Airstrikes on Syria pit Trump against himself
By: Rachel Marsden
PARIS -- What a difference five years can make. In 2013, then-U.S. President
Barack Obama decided to postpone military action in response to an alleged
Syrian chemical weapons attack in order to let Congress debate the matter and
vote on it. In the meantime, Russia stepped up to oversee the removal of
chemical weapons from the Syrian government's possession, and Congress was
relieved of having to decide the matter.
At the time, private citizen Donald Trump criticized the potential use of U.S. military force in Syria. On September 5, 2013, Trump tweeted: "The only reason President Obama wants to attack Syria is to save face over his very dumb RED LINE statement. Do NOT attack Syria, fix U.S.A."
Fast-forward to April 14, 2018, when Trump retweeted a quote by his U.S. Ambassador to the United Nations , Nikki Haley: "When our president draws a red line, our president enforces the red line."
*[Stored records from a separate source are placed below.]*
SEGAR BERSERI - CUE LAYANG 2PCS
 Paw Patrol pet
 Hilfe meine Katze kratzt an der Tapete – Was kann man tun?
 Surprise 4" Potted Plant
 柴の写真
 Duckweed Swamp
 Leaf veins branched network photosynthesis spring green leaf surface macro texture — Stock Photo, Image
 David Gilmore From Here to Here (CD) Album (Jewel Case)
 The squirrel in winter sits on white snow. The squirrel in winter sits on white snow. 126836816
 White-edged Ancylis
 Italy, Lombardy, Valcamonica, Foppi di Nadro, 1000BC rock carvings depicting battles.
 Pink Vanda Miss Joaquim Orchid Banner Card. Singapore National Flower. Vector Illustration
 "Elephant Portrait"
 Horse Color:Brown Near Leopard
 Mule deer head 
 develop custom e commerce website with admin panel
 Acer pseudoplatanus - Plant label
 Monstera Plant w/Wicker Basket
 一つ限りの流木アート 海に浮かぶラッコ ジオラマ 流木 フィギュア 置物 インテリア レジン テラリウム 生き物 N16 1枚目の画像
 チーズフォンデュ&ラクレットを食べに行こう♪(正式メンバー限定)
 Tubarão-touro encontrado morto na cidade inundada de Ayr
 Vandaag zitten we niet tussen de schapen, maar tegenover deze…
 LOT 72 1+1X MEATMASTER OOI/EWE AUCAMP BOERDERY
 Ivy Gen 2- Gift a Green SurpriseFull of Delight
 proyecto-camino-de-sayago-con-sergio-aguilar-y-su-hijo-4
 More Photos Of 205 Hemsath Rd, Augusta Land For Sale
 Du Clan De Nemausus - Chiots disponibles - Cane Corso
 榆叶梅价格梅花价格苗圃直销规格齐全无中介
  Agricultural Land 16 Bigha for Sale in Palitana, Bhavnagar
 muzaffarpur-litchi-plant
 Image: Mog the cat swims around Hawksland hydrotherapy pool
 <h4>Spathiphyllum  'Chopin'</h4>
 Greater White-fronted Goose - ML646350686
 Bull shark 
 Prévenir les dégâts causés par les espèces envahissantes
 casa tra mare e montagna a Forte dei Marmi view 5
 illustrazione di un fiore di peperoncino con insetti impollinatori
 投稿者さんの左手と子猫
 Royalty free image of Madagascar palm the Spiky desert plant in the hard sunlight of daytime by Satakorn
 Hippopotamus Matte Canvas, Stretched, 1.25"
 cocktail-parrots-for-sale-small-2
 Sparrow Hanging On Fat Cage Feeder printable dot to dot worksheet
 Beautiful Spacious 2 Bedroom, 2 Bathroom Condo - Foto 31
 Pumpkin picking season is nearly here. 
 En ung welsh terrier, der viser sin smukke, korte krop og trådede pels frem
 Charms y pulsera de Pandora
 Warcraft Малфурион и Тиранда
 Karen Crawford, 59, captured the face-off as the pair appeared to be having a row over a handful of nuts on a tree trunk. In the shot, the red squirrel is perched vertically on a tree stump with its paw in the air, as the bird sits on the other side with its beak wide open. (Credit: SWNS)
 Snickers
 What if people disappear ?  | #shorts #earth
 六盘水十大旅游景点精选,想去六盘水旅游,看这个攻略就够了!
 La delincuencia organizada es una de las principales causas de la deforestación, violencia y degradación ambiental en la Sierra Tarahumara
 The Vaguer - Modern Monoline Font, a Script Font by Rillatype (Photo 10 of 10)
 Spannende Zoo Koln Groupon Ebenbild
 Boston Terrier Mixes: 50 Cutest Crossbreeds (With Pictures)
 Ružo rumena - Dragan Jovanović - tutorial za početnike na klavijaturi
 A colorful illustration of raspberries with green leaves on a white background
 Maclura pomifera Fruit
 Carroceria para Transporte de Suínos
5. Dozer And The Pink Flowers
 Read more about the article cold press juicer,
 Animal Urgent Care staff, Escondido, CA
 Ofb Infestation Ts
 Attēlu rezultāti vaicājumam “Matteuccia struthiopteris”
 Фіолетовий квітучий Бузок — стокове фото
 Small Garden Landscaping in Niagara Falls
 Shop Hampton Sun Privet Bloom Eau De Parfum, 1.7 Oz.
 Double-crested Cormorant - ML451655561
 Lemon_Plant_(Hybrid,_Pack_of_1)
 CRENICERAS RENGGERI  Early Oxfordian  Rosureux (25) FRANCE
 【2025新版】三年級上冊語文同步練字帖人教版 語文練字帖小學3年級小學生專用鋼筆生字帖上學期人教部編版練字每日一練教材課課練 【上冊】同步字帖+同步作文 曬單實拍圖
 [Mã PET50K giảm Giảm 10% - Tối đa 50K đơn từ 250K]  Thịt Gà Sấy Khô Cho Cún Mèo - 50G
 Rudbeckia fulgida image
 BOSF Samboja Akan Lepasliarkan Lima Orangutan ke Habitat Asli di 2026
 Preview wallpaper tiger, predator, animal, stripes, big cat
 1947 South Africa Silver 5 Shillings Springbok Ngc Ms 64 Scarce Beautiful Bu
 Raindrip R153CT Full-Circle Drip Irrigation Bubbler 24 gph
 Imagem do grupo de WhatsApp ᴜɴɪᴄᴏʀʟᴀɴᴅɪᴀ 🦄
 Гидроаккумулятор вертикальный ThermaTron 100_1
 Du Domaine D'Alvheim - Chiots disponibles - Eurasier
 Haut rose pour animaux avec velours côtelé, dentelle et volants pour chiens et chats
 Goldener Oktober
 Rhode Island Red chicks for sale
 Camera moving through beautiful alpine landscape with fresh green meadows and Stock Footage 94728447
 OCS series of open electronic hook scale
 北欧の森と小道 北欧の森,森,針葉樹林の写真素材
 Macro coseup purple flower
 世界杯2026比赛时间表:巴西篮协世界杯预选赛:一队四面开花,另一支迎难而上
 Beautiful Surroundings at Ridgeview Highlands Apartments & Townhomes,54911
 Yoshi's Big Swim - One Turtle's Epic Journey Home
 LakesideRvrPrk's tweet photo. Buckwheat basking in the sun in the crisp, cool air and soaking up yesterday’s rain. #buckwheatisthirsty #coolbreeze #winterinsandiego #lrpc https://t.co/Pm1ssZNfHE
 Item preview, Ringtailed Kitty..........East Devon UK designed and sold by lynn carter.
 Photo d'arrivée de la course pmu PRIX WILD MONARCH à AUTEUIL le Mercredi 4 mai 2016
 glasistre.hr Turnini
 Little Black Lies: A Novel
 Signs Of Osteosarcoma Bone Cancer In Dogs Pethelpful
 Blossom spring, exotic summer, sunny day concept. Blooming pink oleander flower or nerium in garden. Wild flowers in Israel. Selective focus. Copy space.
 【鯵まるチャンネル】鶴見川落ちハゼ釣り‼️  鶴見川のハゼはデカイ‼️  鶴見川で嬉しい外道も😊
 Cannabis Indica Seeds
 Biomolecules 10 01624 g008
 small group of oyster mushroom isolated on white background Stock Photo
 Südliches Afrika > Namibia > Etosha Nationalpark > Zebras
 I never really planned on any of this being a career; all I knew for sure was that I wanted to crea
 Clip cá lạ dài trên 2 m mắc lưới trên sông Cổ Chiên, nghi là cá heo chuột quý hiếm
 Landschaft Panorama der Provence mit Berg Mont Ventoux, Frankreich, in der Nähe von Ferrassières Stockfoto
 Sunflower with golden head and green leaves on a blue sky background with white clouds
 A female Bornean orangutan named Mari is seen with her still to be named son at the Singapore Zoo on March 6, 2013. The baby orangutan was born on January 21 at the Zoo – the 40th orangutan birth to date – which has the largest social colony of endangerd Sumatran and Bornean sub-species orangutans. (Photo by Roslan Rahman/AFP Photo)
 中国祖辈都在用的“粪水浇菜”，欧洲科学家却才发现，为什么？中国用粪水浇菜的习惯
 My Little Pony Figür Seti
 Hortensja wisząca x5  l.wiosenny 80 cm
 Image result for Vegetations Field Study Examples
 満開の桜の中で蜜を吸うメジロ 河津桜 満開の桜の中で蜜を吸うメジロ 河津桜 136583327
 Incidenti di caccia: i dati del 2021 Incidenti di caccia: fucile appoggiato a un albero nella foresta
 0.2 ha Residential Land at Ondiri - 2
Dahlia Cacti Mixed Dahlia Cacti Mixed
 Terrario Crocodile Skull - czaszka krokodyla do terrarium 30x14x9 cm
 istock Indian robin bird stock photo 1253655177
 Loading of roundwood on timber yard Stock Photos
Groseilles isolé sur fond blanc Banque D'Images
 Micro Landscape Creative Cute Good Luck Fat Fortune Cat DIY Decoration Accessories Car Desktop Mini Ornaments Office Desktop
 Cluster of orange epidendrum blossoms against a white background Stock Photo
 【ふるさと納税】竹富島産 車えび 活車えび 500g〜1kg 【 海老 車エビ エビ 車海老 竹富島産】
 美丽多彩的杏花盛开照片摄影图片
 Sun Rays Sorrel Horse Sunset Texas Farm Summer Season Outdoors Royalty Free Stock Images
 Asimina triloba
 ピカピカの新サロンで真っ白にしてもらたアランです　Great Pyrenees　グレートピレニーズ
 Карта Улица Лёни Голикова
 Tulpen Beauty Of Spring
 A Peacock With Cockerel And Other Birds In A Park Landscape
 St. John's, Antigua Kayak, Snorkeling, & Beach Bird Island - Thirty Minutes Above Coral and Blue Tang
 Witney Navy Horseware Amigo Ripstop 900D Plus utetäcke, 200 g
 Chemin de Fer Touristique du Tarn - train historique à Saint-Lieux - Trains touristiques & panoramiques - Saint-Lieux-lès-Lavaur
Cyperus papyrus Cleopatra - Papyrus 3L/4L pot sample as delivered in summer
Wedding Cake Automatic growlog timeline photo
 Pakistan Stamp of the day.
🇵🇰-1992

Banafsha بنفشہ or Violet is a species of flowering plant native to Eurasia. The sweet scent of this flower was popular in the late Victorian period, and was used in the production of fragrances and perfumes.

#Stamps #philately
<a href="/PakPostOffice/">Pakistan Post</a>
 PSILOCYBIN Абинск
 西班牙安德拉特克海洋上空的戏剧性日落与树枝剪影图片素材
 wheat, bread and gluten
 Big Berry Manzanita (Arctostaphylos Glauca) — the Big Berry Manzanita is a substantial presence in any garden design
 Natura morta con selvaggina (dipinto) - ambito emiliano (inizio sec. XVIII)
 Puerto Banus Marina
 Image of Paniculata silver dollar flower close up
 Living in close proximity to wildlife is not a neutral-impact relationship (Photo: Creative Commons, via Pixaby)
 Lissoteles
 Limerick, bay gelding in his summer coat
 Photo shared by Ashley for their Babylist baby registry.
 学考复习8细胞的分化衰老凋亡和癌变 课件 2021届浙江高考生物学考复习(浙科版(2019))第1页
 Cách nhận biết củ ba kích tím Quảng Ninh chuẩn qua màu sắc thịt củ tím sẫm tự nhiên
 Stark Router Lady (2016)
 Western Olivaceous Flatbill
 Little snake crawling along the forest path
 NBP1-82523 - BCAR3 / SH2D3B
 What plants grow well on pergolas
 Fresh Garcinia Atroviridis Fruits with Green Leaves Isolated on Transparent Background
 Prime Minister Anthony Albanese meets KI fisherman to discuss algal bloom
Citizen Trump was correct about red lines being a bad idea -- including those laid down by now-President Trump -- because they explicitly announce to the world how to trigger you. It's exactly like the parent who says to an unruly child, "Don't make me come over there!" Now the child knows exactly how to get your attention whenever he or she wants it.
The entities at war in Syria -- many of which are terrorists whose activity has been backed by nations seeking to oust Syrian president Bashar al-Assad -- now know exactly how to get Trump's missiles flying into the country. All they have to do is convince the world that chemical weapons have been deployed, thereby crossing the "red line." Before any independent inquiry into an alleged chemical weapons attack can be launched, the missiles will be flying, perhaps even unwittingly providing terrorists with helpful air cover in their fight against the Syrian government.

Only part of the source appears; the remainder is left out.